Dossier sur le genre 6/15
Toi et moi et toustes les autres
Genre et langage : une histoire complexe
Entre exercice de style et éclairage linguistique, une tentative pour décortiquer les influences complexes et sous-jacentes de la langue française sur la perception de la domination du genre masculin. Et un appel à s’approprier plus que jamais les mots et les postures pour décloisonner langages et rôles sociaux.

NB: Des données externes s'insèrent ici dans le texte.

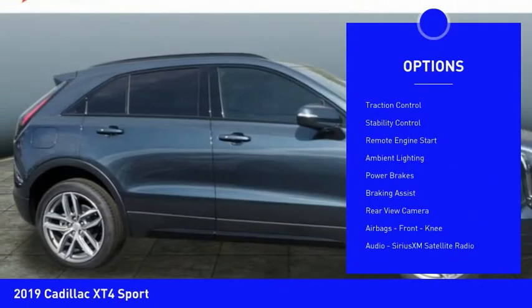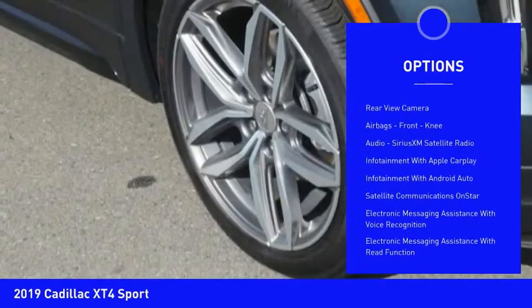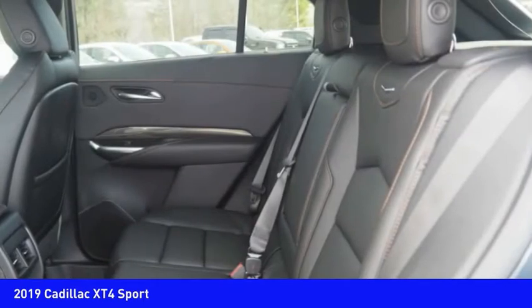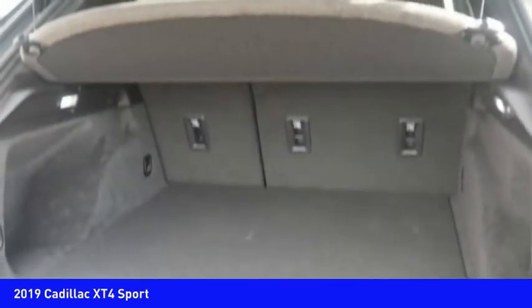Power windows with safety reverse. Roof rails, traction control, stability control, remote engine start, ambient lighting, power brakes, braking assist, rear view camera, airbags, front knee. Your new ride is just a phone call away.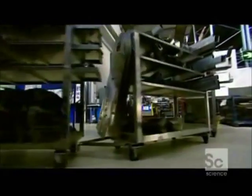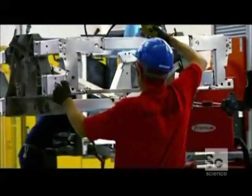Using a combination of 174 high-strength aluminum extrusions, sheets and castings, it can not only support the 500-pound engine, but also withstand the impact of a crash.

Au départ, il y eut la lecture d’un ouvrage. De ceux qui bousculent les codes et chahutent avec vigueur les a priori. Dès l’introduction, son auteur en donne le mode d’emploi : ici, la langue sera au service de la pensée. Triturée, modelée, le mot décrit une chose impossible à classer car dépassant les cadres connus.
Dans « Cyborg philosophie. Penser contre les dualismes. », Thierry Hoquet [1] nous embarque dans une expérience de pensée et de lecture sens dessus dessous, ou le français académique prend un sérieux coup de vieux. On y croisera des termes étranges, des règles de grammaire détournées (aux oubliettes le pluriel masculin !), des pronoms transformés. Une telle expérience de lecture laisse des traces. Et pose les bonnes questions, mettant en lumière ce que jusque-là on n’avait pas vraiment identifié.
« Qui sait combien de pièges sont cachés dans les langues ! Qui sait tout ce qui passe dès lorsqu’on accepte le genre grammatical, cette chose si innocente et négligeable en apparence ! » Et pourtant, il faut bien parler. Au lieu de il/elle, Cyborg - figure philosophique présente dans l’ouvrage - écrit « ille », au lieu de celui/celle, « cille ». Après tout, Tolkien a inventé mille langues imaginaires, et Cyborg ne pourrait même pas se permettre une seule entorse à la langue ? On jugera qu’il est légitime que la langue change, mais que la tentative de Cyborg est maladroite et criminelle. Que veut-ille ? Introduire le neutre en français ?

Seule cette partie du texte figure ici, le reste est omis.